Records to use>
☆ ☆ ☆ ☆

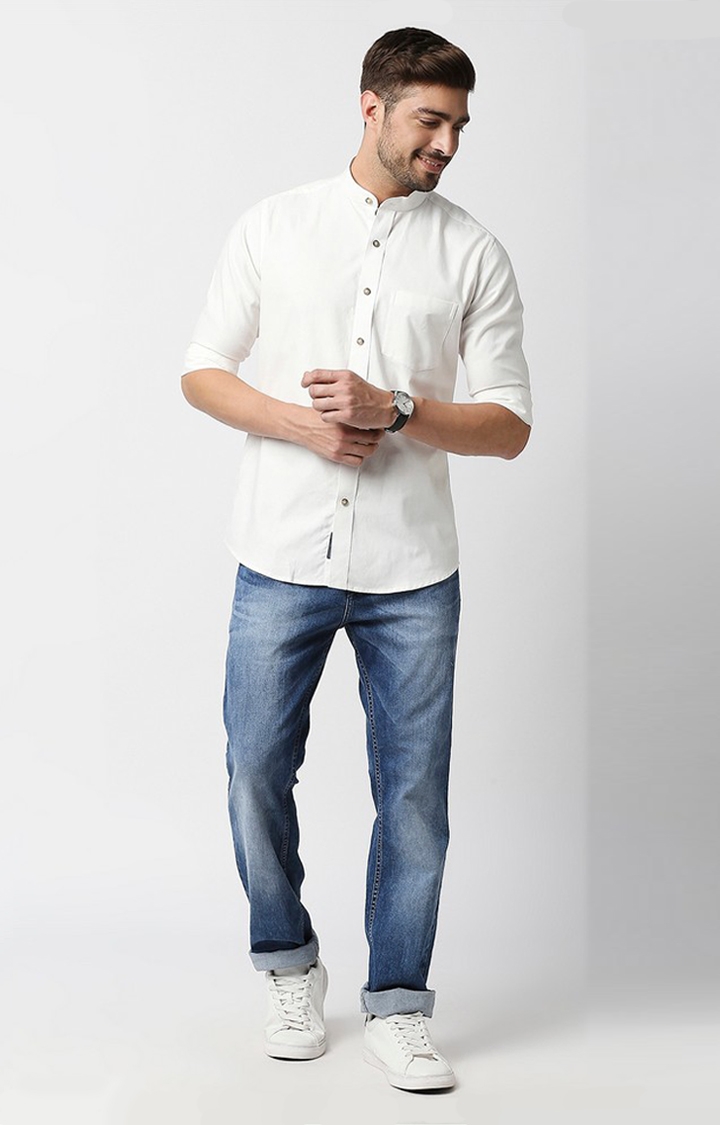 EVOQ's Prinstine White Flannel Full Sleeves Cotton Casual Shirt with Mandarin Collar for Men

☆ ☆ ☆ ☆

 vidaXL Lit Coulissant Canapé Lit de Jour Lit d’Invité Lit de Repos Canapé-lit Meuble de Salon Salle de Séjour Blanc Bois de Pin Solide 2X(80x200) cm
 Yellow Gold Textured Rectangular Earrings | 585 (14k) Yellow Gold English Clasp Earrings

☆ ☆ ☆ ☆

Work instruction>
Above are the records; from them, give again exactly the lines from the one containing "vidaXL Lit Coulissant" through the one containing "Yellow Gold Textured", both included.

Your solution>
 vidaXL Lit Coulissant Canapé Lit de Jour Lit d’Invité Lit de Repos Canapé-lit Meuble de Salon Salle de Séjour Blanc Bois de Pin Solide 2X(80x200) cm
 Yellow Gold Textured Rectangular Earrings | 585 (14k) Yellow Gold English Clasp Earrings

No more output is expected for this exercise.